Would you like to know more about mathematical modelling?
This course will equip you with the concepts and basic skills
of mathematical and statistical modelling.
You will be guided through the key steps of researching the question,
formulating model frameworks, parameterisation and integrating data, and performing model criticism.
Our course tutors have a mixture of physical and life science backgrounds.
University of Stirling, School of Natural Sciences
Monday 16th to Friday 20th February 2015 (5 days)
PhD students and early-stage researchers (below, "students") with a biological background who wish to develop interdisciplinary skills in mathematical modelling for the life sciences.
Free! There are 25 fully funded places covering the costs of the course registration fee, travel, accommodation and food for the week. Priority will be given to those participants who are at least 50% funded by NERC. There are an additional 5 places for which there is no registration fee but attendees will have to pay for their own travel, accommodation and food.
Students in the biological sciences are increasingly turning to mathematical modelling in the era of big data, the three Rs of animal testing, and remote sensing. However, they often lack the background necessary to create their own mathematical or statistical models. This course, run by mathematicians, physicists and ecologists with experience in epidemiology and terrestrial and marine ecology, will provide an introduction to basic modelling concepts and a guide to using common skills. You will be guided through the key steps of researching the question, formulating the model framework, parameterising the model, and model criticism.
Each day will be split between morning lectures (which will introduce mathematical techniques in conjunction with biological case studies) followed by afternoon computer-lab practical sessions to put into practice the concepts covered in the morning.
Exercises and lectures will make use of Matlab or R. Both are commonly available (R is freeware) and flexible enough to demonstrate all relevant techniques. The course tutors have a variety of expertise in other platforms (e.g. C++, Mathematica, etc.) and can advise students with specific needs.
Through the second half of the week, students will also work on individualised projects (either developed themselves or with guidance by the lecturers). Our high staff–student ratio will allow close supervision of the students and individual development of these mini-projects using the techniques that are most appropriate for their own research goals. We will also provide a personalised further-reading programme and identify collaborators to enable development of their project beyond the course week for those interested.

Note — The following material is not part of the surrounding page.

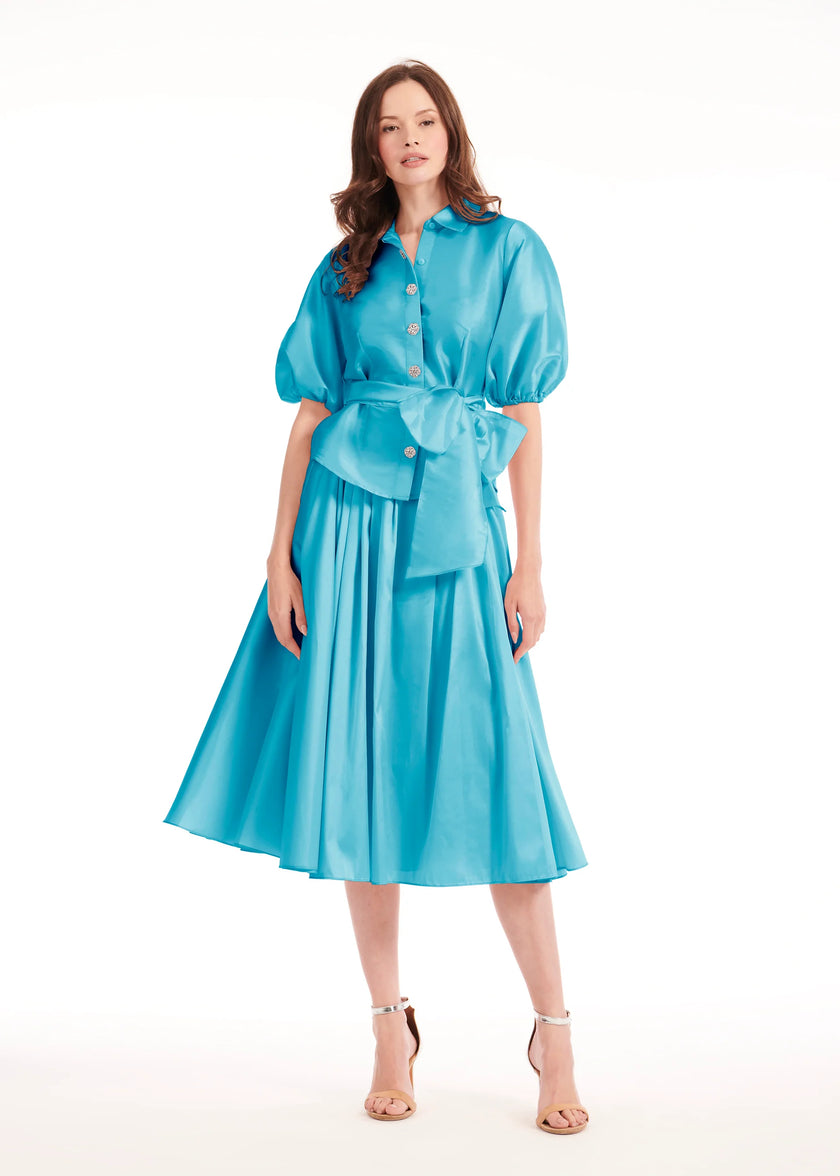 TAFFETA PUFF SLEEVE BLOUSE WITH CRYSTAL FLOWER BUTTONS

Course materials will be provided long-term via a secure website, including lecture notes and computer code samples.
The Course Team
Prof. Rachel Norman
Professor of Aquatic Food Security
Dr Darren Green
Lecturer in Aquatic Health Modelling
Dr Adam Kleczkowski
Senior Lecturer in Mathematics
Dr Bruce McAdam
Lecturer in Environmental Modelling
Dr Andy Hoyle
Lecturer in Mathematics
Dr Anthony O'Hare
Lecturer in Aquatic Food Security
The course team have a background in different aspects of mathematical biology and use a range of modelling and statistical techniques. The team includes both mathematicians and physicists who apply modelling to environmental and epidemiological problems (Norman, Hoyle, Kleczkowski, O'Hare) together with ecologists who make rigorous use of mathematical and statistical techniques (Green, McAdam). This provides participants with an opportunity to learn from lecturers with a variety of backgrounds and modelling philosophies.

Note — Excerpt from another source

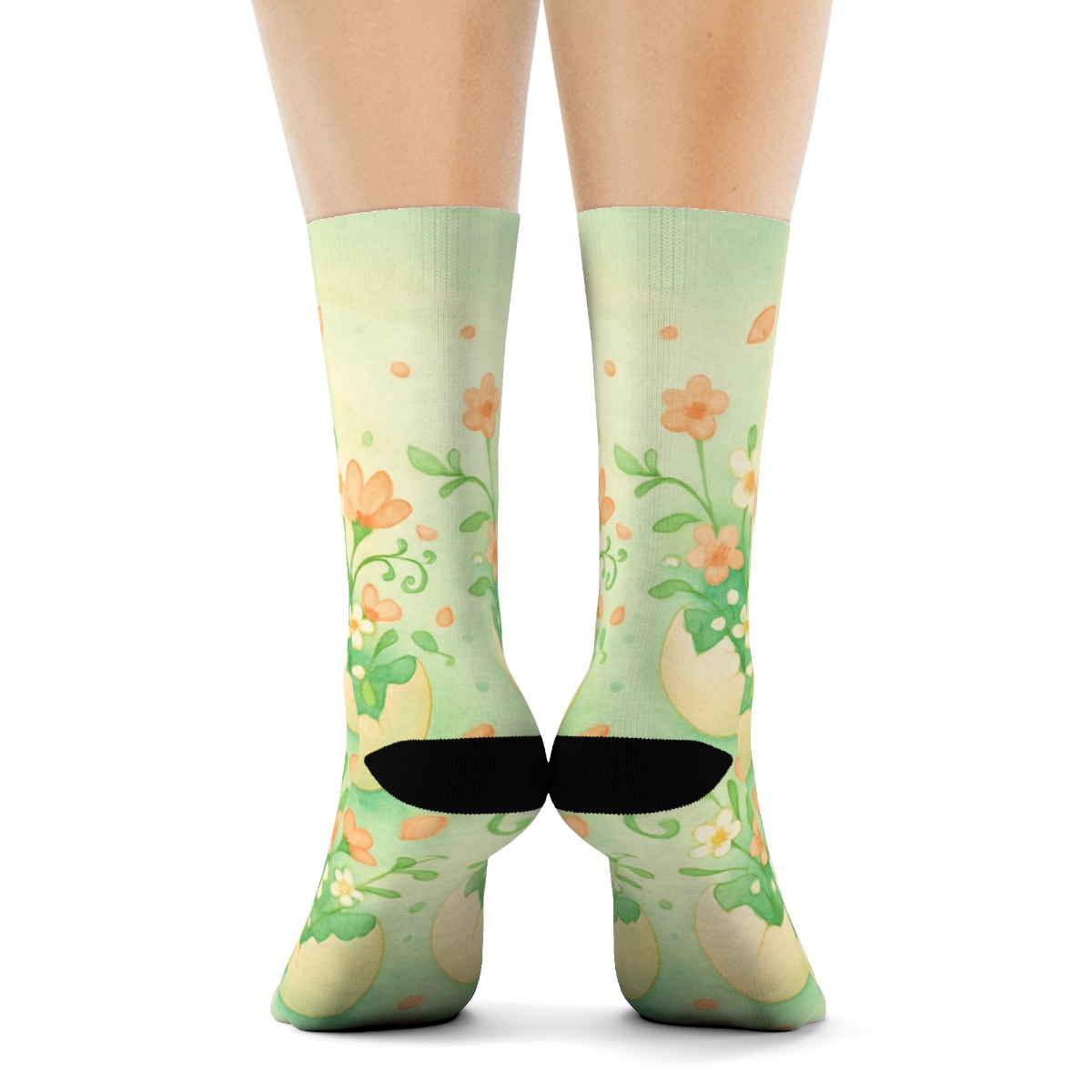 Spring Equinox Eggshell Nebula Garden unique printed socks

All the course team are part of the University of Stirling's School of Natural Sciences. This is an interdisciplinary school, which encourages the use of mathematics and computing science to carry out problem-focused research.

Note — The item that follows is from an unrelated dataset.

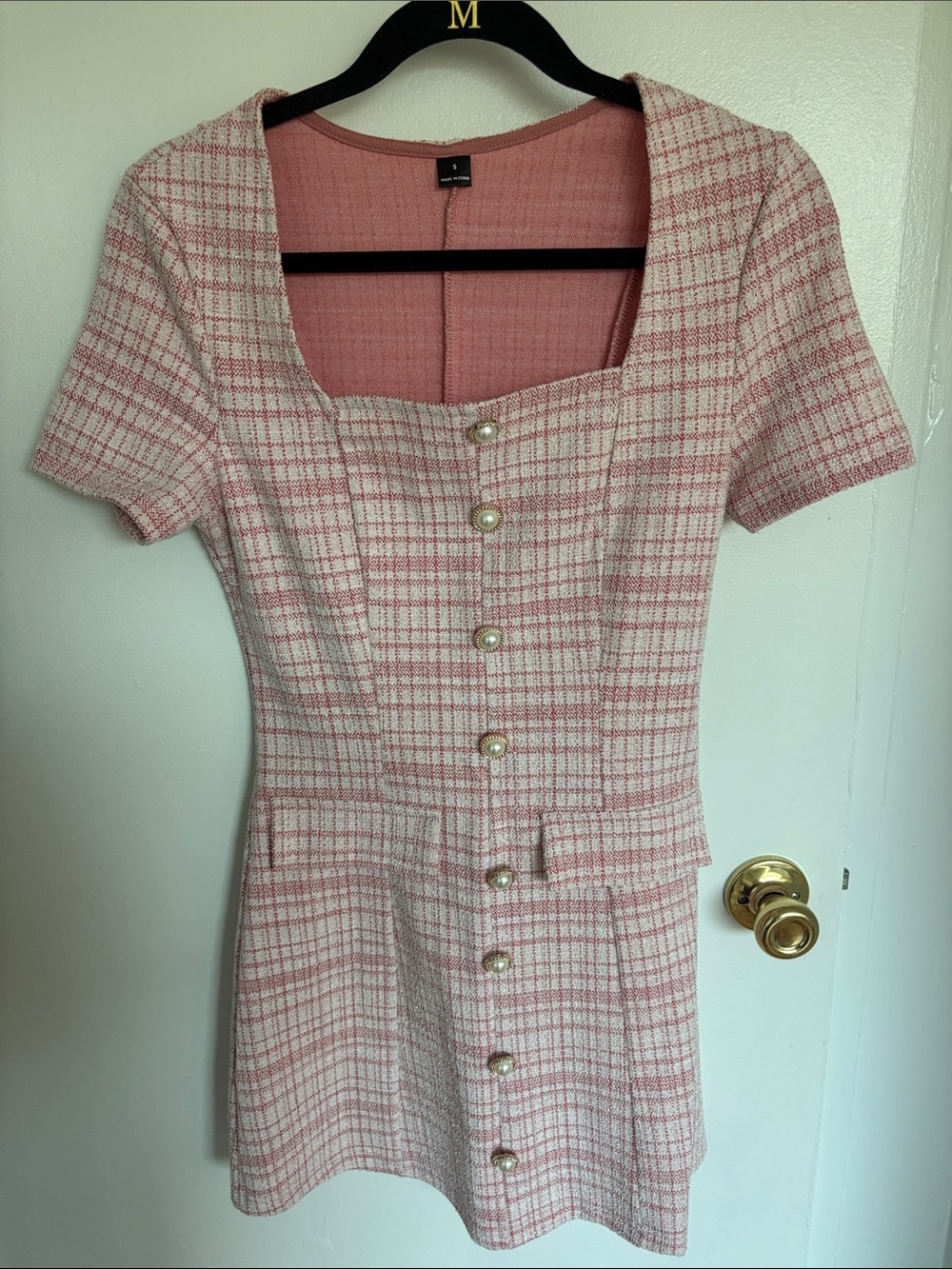 SHEIN Pink Plaid Pearl-Button Square Neck Mini Dress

This course will equip students with the skills to:
Abstract and frame their biological research questions in the form of mathematical models, and to interpret and critically evaluate the results of both their own models, and those of other authors.
Use generic modelling and programming environments to construct and analyse their own mathematical models.
Understand the link between models and data analysis, and to use model parameterisation to both inform models, and to estimate unknown properties of the ecological system.
Understand approaches to modelling space as a key component of environmental modelling. One morning will be devoted specifically to spatial models, using networks as a flexible approach.
The course will also develop the transferable skills of young researchers, namely:
Interdisciplinary thinking and the ability to collaborate with researchers in other disciplines.
Logical thinking and critical analysis.
Presentation of complex research findings to a non-expert audience.
Concrete outputs of attendance will include:
Development of a personal research project of interest to the researcher.
Students will leave the course having taken the first steps in trying to model their system in a way that is appropriate for the questions they wish to ask.
While the projects will be individual, students will be encouraged to discuss their systems and exchange ideas and approaches at all stages of project planning, development, and final presentation.
Provision of a tailored further reading list and possible contacts for local collaboration.
Provision of detailed study notes and example program code.